La poésie semble avoir perdu de sa popularité ces derniers temps. Pourtant, si la rumeur dit vrai, les mots ont un grand pouvoir. Avez-vous croisé de grandes majuscules tracées à l’aide d’un pochoir ? Vous avez sans doute aperçu les proses de La Dactylo ! Née en 1991, elle a transformé Paris en roman à ciel ouvert, dont on peine à tourner les pages. Ses aphorismes racontent beaucoup plus que de longues phrases à rallonge. Parfois légers, d’autres fois engagés, ils offrent un spectacle de langage qui fait sourire autant qu’il invite à réfléchir. La Dactylo manie les mots avec une souplesse qui vous saisit immédiatement.

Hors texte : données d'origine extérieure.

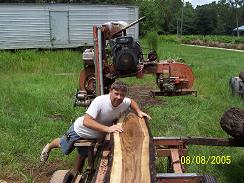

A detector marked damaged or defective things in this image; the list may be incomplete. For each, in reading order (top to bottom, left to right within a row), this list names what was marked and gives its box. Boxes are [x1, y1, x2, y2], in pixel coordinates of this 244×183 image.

rusty metal machinery [74, 16, 196, 107]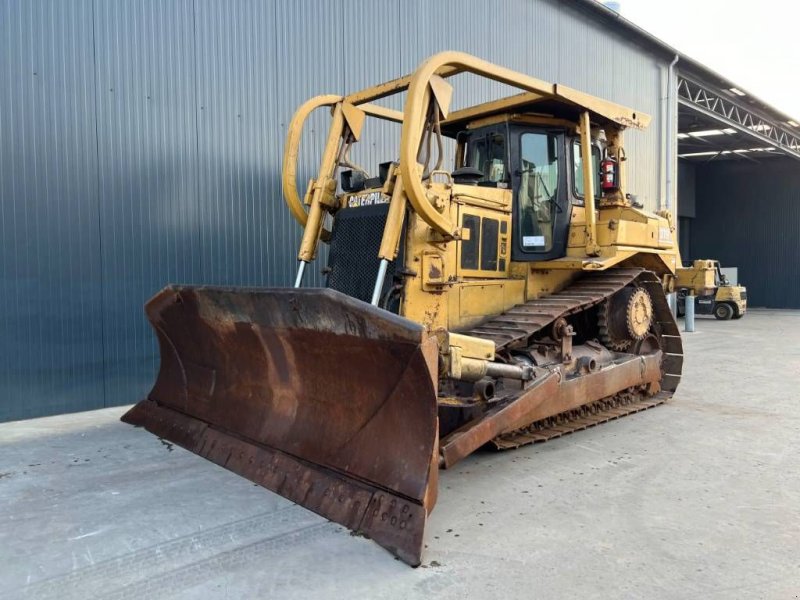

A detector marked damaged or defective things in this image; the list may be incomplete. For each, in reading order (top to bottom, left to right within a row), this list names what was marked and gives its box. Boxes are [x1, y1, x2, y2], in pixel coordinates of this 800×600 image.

rusty dozer blade [122, 288, 440, 564]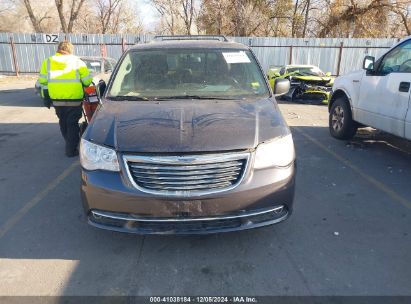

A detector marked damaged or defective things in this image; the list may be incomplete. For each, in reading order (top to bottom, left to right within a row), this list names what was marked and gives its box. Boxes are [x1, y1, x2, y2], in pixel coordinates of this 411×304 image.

damaged vehicle [79, 36, 296, 235]
damaged vehicle [270, 64, 334, 104]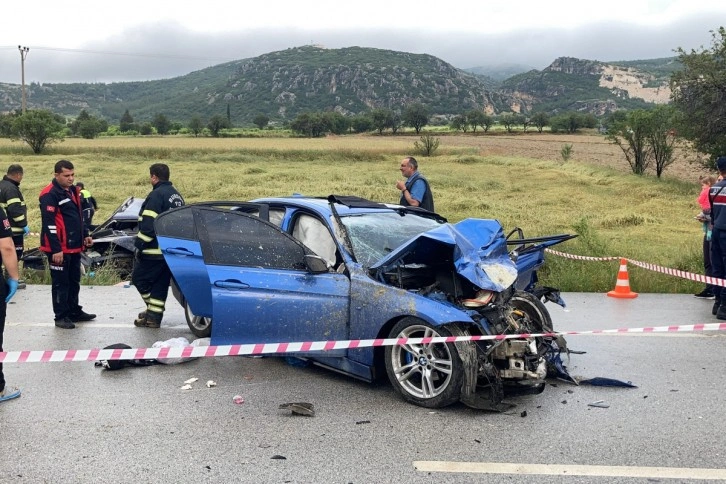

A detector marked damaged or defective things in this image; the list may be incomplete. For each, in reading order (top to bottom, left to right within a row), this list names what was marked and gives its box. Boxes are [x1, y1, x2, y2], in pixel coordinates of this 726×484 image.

shattered windshield [342, 212, 444, 268]
damaged car hood [372, 218, 520, 292]
wrecked blue car [158, 196, 576, 408]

Paris est une page blanche

L’art de marquer les esprits
Son empreinte est présente un peu partout dans l’espace public. Peut-être avez-vous déjà été interpellé par un de ses travaux près de Châtelet – Les Halles. Sa collaboration avec Les Curiosités de Roger vous a sûrement fait pâlir ! Une de ses curiosités siffle les passants et La Dactylo s’est prononcée « Les femmes ont des habits, certains hommes n’ont aucune tenue.».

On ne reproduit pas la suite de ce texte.